Emails became a form of defacto identity, through platforms like Yahoo! and Hotmail. Email addresses were static and could be contacted through a standard peer-to-peer protocol: SMTP.
This email identity allowed applications to store and persist user-related data between login sessions. Amazon could remember what items a user had added to their cart, and Google could remember what searches they had previously made. In the read-only web, where websites were just content providers, this web architecture worked extremely well and enabled many useful features.
Consumer Clients → Creator Clients
The client-server architecture was designed for resource-generating servers to serve resource-consuming clients. In 2006, everything was changing and a new internet paradigm was on the rise.
Web 2 is widely described as the user-generated web, and includes platforms like Facebook, Instagram, Tiktok and YouTube where the value of the platform comes from the data generated by its users. Web 2 inherited much of the legacy infrastructure that powered websites before it, the earliest iteration of Facebook was a server-side rendered PHP site.
This includes the client-server architecture and the email-based identity system that enabled earlier websites to achieve user persistence between login sessions. Except now, the User
structure was getting increasingly bloated, as users pumped out the videos, tweets and posts that brought the platform companies their riches.
Products evolve fast, but protocols evolve slowly. The infrastructure and design principles that formed the early web were rapidly outpaced by the web app and mobile revolution in quick succession. Using the internet in 2022 is radically different from the hyperlink-ridden early days of the internet, but many legacy protocols including URIs and request-response REST APIs are still used heavily in modern applications.
Without a native identity system, the bloated User
structures held data in silos that were only accessible to the platform companies running the servers. The legacy data structures that worked well for the read-only web became the means for the centralized data oligopoly that is seen today. Email identity evolved to become “Social Login” protocols like OpenID Connect and OAuth, creating hubs of proprietary user identities.
The initial client-server design of web architecture is what gave rise to this centralization. While companies like Facebook have been quick to monetise and monopolize their data advantage, they are not solely to blame for the current system.
Data architecture from first principles
To preserve human autonomy online, applications should be designed with the ability to migrate and move user-generated data between competing platforms: resulting in a form of credible exit. This prevents extractive exploitation of users and aligns incentives for digital platforms to provide competitive services.
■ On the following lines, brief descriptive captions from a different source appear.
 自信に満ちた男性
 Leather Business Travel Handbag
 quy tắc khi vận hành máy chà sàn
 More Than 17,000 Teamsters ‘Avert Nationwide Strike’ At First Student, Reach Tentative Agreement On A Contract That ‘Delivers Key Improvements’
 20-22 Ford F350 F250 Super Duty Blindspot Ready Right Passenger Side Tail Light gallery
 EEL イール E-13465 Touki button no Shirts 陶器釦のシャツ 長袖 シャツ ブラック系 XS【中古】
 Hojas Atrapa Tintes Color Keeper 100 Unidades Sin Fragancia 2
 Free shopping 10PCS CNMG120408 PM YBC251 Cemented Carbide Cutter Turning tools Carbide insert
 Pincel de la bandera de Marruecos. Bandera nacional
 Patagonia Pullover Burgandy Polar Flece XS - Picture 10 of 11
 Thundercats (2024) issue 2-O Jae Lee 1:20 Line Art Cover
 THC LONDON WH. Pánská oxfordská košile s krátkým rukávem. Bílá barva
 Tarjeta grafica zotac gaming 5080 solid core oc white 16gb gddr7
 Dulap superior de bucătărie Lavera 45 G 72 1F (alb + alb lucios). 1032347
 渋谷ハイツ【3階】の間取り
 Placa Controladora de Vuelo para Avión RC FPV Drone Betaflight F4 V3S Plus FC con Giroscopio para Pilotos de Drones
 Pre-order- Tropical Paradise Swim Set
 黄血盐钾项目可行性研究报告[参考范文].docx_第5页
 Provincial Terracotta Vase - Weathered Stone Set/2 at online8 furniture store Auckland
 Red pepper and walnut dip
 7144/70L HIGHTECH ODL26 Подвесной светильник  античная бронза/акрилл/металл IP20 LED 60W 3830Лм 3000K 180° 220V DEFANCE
A pre-requisite for that future is self-sovereign and internet-native identity. Without internet-native identity, it is impossible to link data to its creator and thereby enforce data ownership rights. Without self-sovereign identity, it is impossible to trust-lessly ensure that a single player is unable to aggregate and control a large number of identities. This sort of identity system is currently being made possible through public key cryptography and decentralized identity systems like DID and UCAN.
Data stores could then be attached to global user identities rather than application-specific identities. In that way, the holder of a digital identity has the final say in which applications access their data and in what way, through cryptographic methods like W3C’s Verifiable Credentials.
Global identity systems which power personal data stores with broad interoperability would be the first-principles answer to creating web applications that maximise human autonomy. Some projects like Solid Protocol and Distributed Web Node are already working towards that ideal.
The lessons learnt from history are a reminder of how data structures influence data control, and the importance of designing systems that nudge the world towards being a more self-sovereign place. Only by thinking through the designs of these systems will the vision of digital human autonomy, finally be realized.